Assignment:
When the line containing "VW Tiguan (2025) - Foto 1" is reached, include it and end there; set down verbatim every line before it, starting at the top of the records.

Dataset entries
:::
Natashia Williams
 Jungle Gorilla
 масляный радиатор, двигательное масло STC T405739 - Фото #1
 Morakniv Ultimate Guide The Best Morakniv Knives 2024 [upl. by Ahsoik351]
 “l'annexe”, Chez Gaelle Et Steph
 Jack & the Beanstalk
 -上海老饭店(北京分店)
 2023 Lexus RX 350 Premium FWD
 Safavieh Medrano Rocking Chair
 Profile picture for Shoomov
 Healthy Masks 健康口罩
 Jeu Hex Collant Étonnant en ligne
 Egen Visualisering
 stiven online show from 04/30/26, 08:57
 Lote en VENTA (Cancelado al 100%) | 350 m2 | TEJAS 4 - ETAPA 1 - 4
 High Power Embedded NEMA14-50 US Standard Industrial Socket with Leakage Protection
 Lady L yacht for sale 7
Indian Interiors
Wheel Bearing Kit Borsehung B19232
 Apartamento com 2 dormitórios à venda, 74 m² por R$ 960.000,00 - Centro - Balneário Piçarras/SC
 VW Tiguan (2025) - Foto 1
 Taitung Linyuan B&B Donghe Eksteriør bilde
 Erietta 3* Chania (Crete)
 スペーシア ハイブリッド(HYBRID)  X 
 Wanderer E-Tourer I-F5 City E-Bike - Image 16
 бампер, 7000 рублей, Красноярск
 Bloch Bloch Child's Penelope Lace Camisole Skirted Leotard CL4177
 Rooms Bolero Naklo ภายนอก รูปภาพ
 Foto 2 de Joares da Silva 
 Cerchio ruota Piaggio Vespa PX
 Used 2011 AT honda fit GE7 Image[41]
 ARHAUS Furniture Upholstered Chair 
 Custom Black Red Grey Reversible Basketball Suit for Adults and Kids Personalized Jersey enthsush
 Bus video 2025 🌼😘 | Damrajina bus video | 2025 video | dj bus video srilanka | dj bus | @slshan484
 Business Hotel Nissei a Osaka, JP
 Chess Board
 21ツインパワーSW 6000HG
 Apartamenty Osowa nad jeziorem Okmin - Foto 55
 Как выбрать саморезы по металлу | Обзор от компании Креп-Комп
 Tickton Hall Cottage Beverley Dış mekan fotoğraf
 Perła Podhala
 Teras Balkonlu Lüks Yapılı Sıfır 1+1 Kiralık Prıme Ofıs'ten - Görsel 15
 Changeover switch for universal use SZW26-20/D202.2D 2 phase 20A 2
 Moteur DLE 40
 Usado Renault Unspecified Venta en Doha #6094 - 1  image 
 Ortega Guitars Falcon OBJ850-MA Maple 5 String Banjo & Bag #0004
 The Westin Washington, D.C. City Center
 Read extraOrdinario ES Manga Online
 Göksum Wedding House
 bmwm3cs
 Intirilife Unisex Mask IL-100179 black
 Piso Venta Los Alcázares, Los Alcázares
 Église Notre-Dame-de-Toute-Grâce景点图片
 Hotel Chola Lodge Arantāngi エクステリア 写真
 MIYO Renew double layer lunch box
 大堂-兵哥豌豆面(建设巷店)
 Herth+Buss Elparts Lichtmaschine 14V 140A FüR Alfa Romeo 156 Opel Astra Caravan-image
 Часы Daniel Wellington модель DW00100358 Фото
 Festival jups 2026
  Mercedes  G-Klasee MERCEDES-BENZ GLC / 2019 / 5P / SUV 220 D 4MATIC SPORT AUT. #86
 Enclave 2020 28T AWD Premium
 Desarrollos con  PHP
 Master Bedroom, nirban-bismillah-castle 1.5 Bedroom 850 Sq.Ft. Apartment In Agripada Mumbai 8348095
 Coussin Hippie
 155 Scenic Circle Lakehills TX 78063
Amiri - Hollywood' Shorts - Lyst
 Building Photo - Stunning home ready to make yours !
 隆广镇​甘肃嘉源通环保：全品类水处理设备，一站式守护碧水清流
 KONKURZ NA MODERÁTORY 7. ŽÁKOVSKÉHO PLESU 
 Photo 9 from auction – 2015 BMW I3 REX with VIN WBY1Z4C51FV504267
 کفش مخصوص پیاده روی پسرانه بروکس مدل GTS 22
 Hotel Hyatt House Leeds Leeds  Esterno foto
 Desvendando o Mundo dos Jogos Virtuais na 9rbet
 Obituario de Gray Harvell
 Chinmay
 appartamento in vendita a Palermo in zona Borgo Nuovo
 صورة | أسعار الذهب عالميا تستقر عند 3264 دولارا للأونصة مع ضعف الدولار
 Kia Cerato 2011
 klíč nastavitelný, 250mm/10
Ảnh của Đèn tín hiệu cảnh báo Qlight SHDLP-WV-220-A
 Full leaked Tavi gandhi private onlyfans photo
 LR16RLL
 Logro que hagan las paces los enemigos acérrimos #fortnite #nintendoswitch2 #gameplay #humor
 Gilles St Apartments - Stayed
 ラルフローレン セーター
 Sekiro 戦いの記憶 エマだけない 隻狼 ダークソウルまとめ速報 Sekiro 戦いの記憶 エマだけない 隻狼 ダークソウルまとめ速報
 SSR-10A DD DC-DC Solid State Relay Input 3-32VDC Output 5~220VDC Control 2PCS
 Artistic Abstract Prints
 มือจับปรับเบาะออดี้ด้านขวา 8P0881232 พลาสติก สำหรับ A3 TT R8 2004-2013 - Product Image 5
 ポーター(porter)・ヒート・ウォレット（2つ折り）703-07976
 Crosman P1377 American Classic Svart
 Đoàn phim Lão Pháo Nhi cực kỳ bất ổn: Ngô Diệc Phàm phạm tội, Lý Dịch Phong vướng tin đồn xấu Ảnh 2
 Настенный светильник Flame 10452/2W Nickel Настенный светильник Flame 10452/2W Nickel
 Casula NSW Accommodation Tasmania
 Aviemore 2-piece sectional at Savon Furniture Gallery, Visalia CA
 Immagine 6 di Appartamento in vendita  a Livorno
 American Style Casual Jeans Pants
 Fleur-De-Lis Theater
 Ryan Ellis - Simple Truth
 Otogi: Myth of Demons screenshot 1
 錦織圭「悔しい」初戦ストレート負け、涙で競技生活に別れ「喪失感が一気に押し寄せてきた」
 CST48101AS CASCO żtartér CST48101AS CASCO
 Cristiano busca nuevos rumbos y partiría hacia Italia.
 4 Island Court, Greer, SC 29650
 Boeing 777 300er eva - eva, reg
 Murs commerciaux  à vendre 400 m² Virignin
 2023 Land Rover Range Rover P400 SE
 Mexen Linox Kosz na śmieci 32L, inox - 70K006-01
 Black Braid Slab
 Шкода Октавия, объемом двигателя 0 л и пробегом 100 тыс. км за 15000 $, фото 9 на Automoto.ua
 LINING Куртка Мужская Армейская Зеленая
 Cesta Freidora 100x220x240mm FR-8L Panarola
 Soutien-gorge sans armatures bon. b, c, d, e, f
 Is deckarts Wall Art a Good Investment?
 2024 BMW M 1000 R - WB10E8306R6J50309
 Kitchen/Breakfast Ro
:::
Reply to the task:
Natashia Williams
 Jungle Gorilla
 масляный радиатор, двигательное масло STC T405739 - Фото #1
 Morakniv Ultimate Guide The Best Morakniv Knives 2024 [upl. by Ahsoik351]
 “l'annexe”, Chez Gaelle Et Steph
 Jack & the Beanstalk
 -上海老饭店(北京分店)
 2023 Lexus RX 350 Premium FWD
 Safavieh Medrano Rocking Chair
 Profile picture for Shoomov
 Healthy Masks 健康口罩
 Jeu Hex Collant Étonnant en ligne
 Egen Visualisering
 stiven online show from 04/30/26, 08:57
 Lote en VENTA (Cancelado al 100%) | 350 m2 | TEJAS 4 - ETAPA 1 - 4
 High Power Embedded NEMA14-50 US Standard Industrial Socket with Leakage Protection
 Lady L yacht for sale 7
Indian Interiors
Wheel Bearing Kit Borsehung B19232
 Apartamento com 2 dormitórios à venda, 74 m² por R$ 960.000,00 - Centro - Balneário Piçarras/SC
 VW Tiguan (2025) - Foto 1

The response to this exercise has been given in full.